Other research supports the “grease” argument. In environments where bureaucratic inefficiencies hinder operations, corruption may expedite market entry and regulatory approvals (Gupta, 2017), enhance perceived legitimacy, reduce uncertainties, and lower the risk of failure. Ayaydin and Hayaloglu (2014) found that informal payments can help firms bypass regulatory delays to access new markets. Similarly, Blagojević and Damijan (2012) reported that bribery was associated with higher productivity growth, enabling SMEs to scale operations. In the Philippines, Mendoza (2015) observed that corruption improved operational efficiency for SMEs. More recently, Belitski et al. (2025), using data from 186,027 firms across 137 countries collected via World Bank Enterprise Surveys (2006–2024), concluded that corruption can positively influence exports by reducing bureaucratic burdens at the managerial level.

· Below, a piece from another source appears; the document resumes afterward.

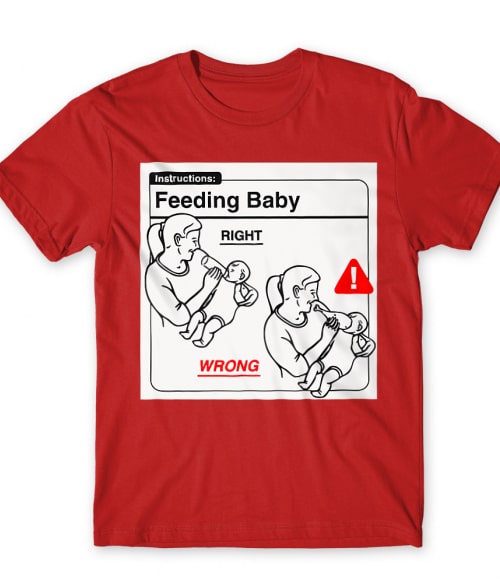 Baby Instructions – Etetés Póló - Ha Baby rajongó ezeket a pólókat tuti imádni fogod!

Overall, corruption emerges as a double-edged sword, potentially alleviating bureaucratic frictions while also imposing long-term costs (Adomako et al., 2021). In weak institutional contexts, however, its short-term benefits for SME internationalisation may outweigh immediate drawbacks (Hanousek and Kochanova, 2016). Based on this reasoning, we hypothesise:
The moderating role of innovation
The resource-based view (RBV) posits that firm-specific capabilities, such as innovation, enhance performance by improving adaptability and mitigating external risks (Shiu and Yang, 2016). In this context, innovation is expected to moderate the relationship between corruption and SME internationalisation, enabling firms to overcome institutional constraints and compete more effectively in global markets. Empirical evidence suggests that innovative firms are better positioned to navigate corruption-related challenges and exploit emerging market opportunities (Wang and Huang, 2018).
Innovation can help SMEs reduce the inefficiencies of corruption-prone environments through digitalisation, process improvements, and technological adoption (Sousa et al., 2025). For example, blockchain applications in supply chain transparency, contract management, and regulatory compliance create immutable transaction records, limiting corrupt interventions and enhancing the trust of international partners (Raghuvanshi and Agrawal, 2020). Similarly, artificial intelligence (AI) and machine learning can automate compliance monitoring, detect irregularities, and reduce the human discretion that enables bribery (Gupta and Barua, 2016). By fostering transparency, efficiency, and operational flexibility, innovation provides SMEs with viable alternatives to relying on informal payments (Sadraei, 2025).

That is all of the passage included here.